When these patients first present symptoms in clinical practice, they are typically sent to either dermatologists or their primary care physician for initial diagnosis, Mohammed explains. Patients who are suspected of having BPDCN will then be referred to a hematologist, and will undergo a skin biopsy, he adds. In general, skin biopsies with immunohistochemical specific markers are an important first step in the diagnosis of patients with BPDCN, as it can elucidate both the histology and immunophenotype of this disease, Mohammed details.

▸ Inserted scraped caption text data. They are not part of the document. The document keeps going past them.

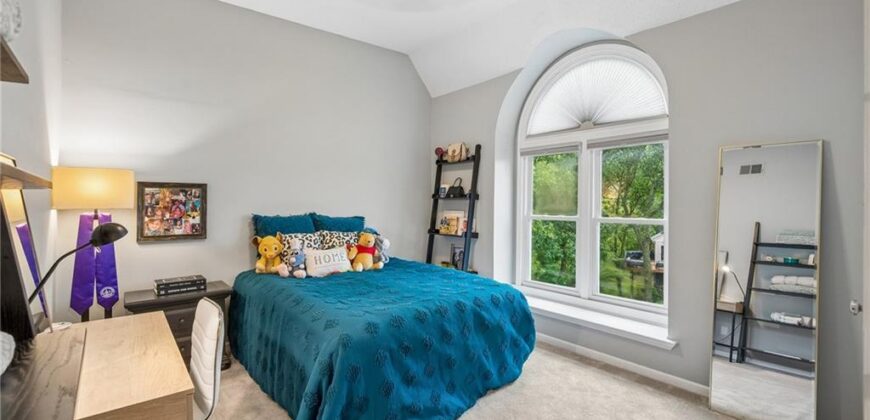 6705 NW Monticello Terrace, Parkville, MO 64152
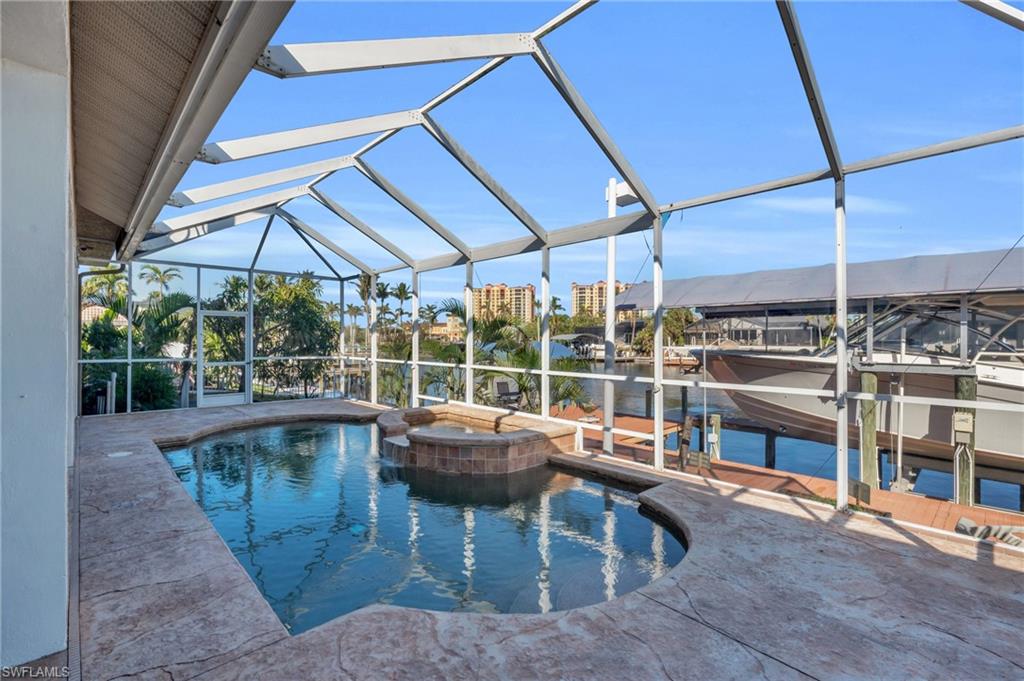 HERMITAGE - Residential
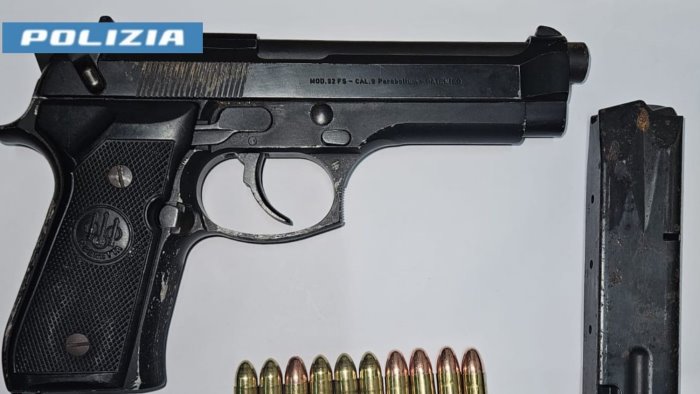 borgo sant antonio abate scoperto con una pistola e arrestato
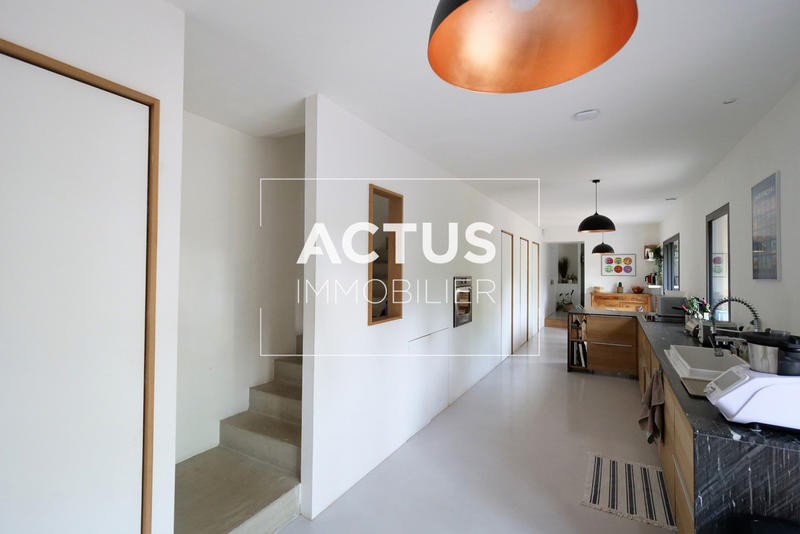 Maison - 182 m² - 6 pièces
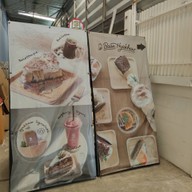 บรรยากาศ บ้านหญ้าขาว Baan Hyakhaw Cafe Coffee Bakery ศรีสมาน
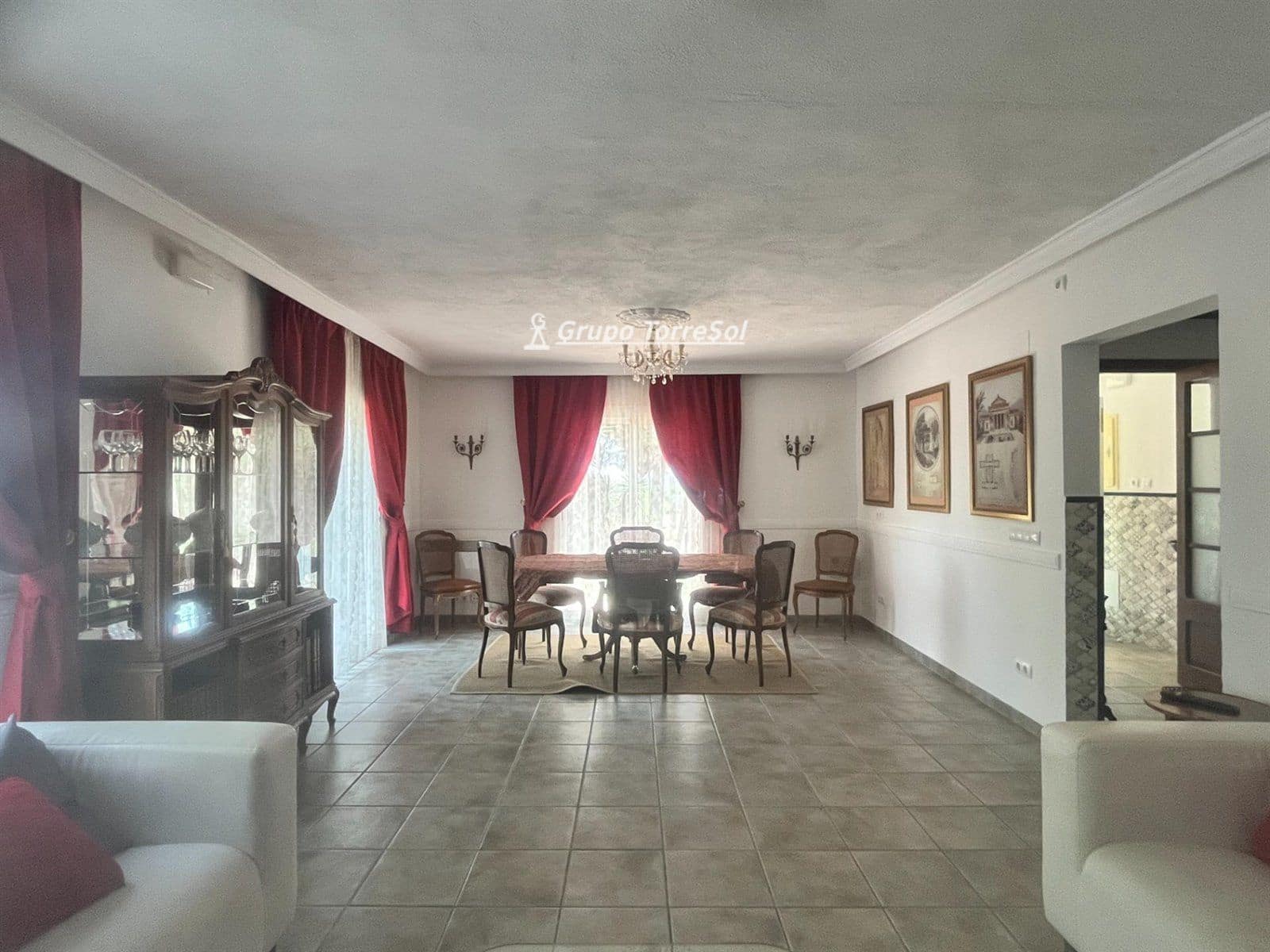 4 soverom Villa til salgs i Banyeres del Penedes med svømmebasseng - € 520 000 (Ref: 9534644)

Additional diagnostic tools include molecular imaging, which can help identify splenomegaly or the degree of lymph node involvement or adenopathy, Mohammed continues. To complete the work-up, a bone marrow biopsy followed by ancillary flow cytometry can also be conducted for patients who do not display obvious cytopenia, he adds. This strategy aids BPDCN diagnosis by potentially revealing common mutational drivers associated with the disease. These can include CD123, CD4, and CD56, which are expressed on the cell surface, Mohammed details.
Although a majority of patients with BPDCN express these surface markers, a small percentage of patients have infrequent or decreased expression, which can make them difficult to diagnose, Mohammed notes. Additional testing should be performed in this population to identify potential biomarkers of plasmacytoid dendritic cell origin, such as CD303, CD304, and TCL1, Mohammed concludes.